El evangelio de hoy nos introduce en lo que viven las primeras comunidades cristianas. Ellos se reúnen cada domingo, que es el día de la Resurrección del Señor, a celebrar la Eucaristía. Es el tiempo nuevo de la Iglesia naciente. Esta recién comienza a reunirse, pero todavía no tiene la experiencia del Resucitado. Por eso, están con miedo, con las puertas cerradas. A lo largo de la historia hemos conocido muchas ocasiones en las que la Iglesia ha cerrado las puertas al mundo, ha sentido miedo de él. Pienso en la forma cómo la Iglesia se relacionó con la ciencia y el racionalismo, o cómo se cerró a la modernidad. Hoy, nuevamente, frente al cuestionamiento que nos hace el mundo por los escándalos, tendemos a cerrar las puertas, por miedo y por vergüenza. Nos falta la experiencia del Resucitado.

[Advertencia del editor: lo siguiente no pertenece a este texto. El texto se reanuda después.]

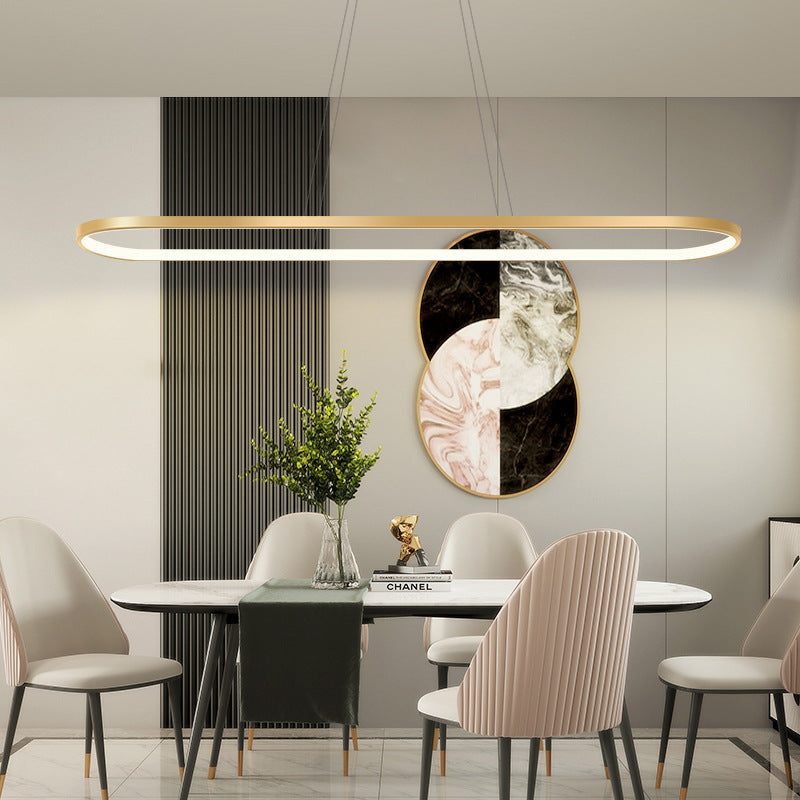 Minimalist Metal Elongated Gold-Plated Pendant Light Taavita Over Table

Es en esta Iglesia reunida donde se produce algo extraordinario: el Señor está presente en medio de ellos. No se trata de una presencia mágica, o de un fantasma, sino de una presencia nueva, real y sacramental. Es la presencia del Resucitado. Es aquí cuando la Iglesia se constituye como tal.

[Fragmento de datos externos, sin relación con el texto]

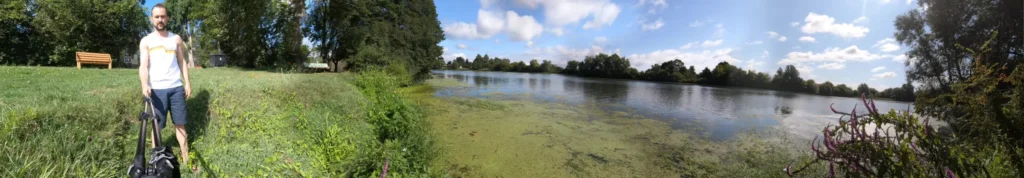 Lago tranquilo com vegetação ao redor.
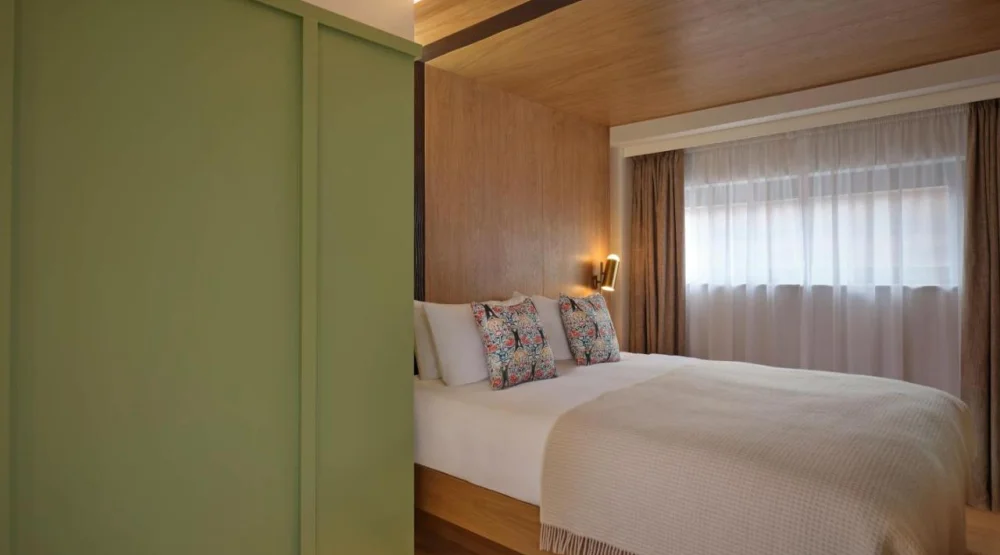 Cozy Queen Room with City View at The Reach at Piccadilly, a Tribute Portfolio Hotel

Es en la comunidad que se reúne a celebrar la Eucaristía donde se da esa nueva presencia del Señor, la que es total y plena. Es ahí donde el Señor derrama el primer fruto de la Resurrección: su paz y su perdón. Y no solo eso, también dona ahí su Espíritu. Volviendo a la historia, fue entonces cuando los discípulos, llenos de alegría, empapados de ese Espíritu, salieron al mundo con fuerzas nuevas y sin miedo, para llevar a todos la nueva alegría del Evangelio.

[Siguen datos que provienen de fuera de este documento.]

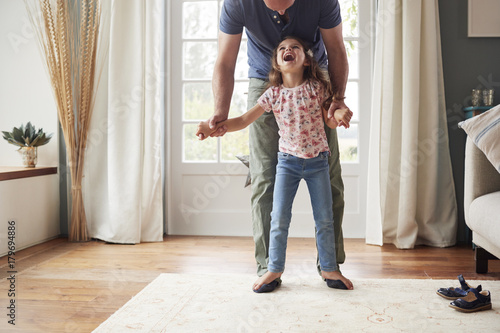 Girl balancing on father’s feet at home, looking up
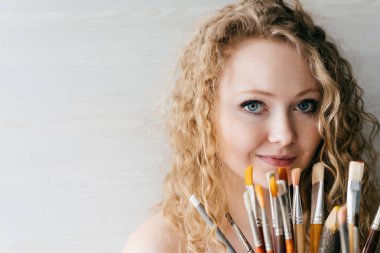 kıvırcık saçlı sevimli mavi gözlü kız çizim için fırça tutar, kamera ve gülümsüyor görünüyor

Tomás se perdió todo esto. No estaba la tarde de aquel domingo con los demás apóstoles cuando estos estuvieron con el Cristo Resucitado. Es cierto que hay muchas formas de encontrarse con el Señor, pero los cristianos tenemos una forma muy especial y muy propia: es al partir el pan de la Eucaristía cuando el Resucitado está en medio nuestro. De ahí la importancia que la Iglesia le ha dado siempre a la celebración de la misa dominical. No es la única forma de encontrarse con Dios; sin embargo, es ahí donde nos encontramos con el Resucitado. Es la nueva presencia, la más grande.
Tomás comprendió esto, y al domingo siguiente no faltó.
Tomás nos representa a todos. A él, al igual que al resto de los apóstoles y a todos nosotros, le costó creer en la Resurrección. Seguramente se llenó de las mismas preguntas que nos hacemos nosotros hoy. Si pudiéramos, pondríamos a toda la ciencia, la historia, la arqueología, para que nos ayudasen a certificar y comprender la Resurrección. Tomás, como nosotros, requiere de ver para creer.
Pero no es este tipo de conocimiento el que nos hace creer.
El camino a recorrer es el de la fe que brota del encuentro con el Señor. Y ese Señor se nos revela en el encuentro comunitario y en el servicio al más necesitado.
Es en la Iglesia que se reúne como comunidad a celebrar la Eucaristía donde el Resucitado se hace presente y renueva nuestra fuerza para salir al mundo y llenarlo de esa vida nueva. Ojalá no perdamos esta oportunidad.
“‘Porque me has visto, has creído', le dijo Jesús (a Tomás); ‘dichosos los que no han visto y sin embargo creen'”.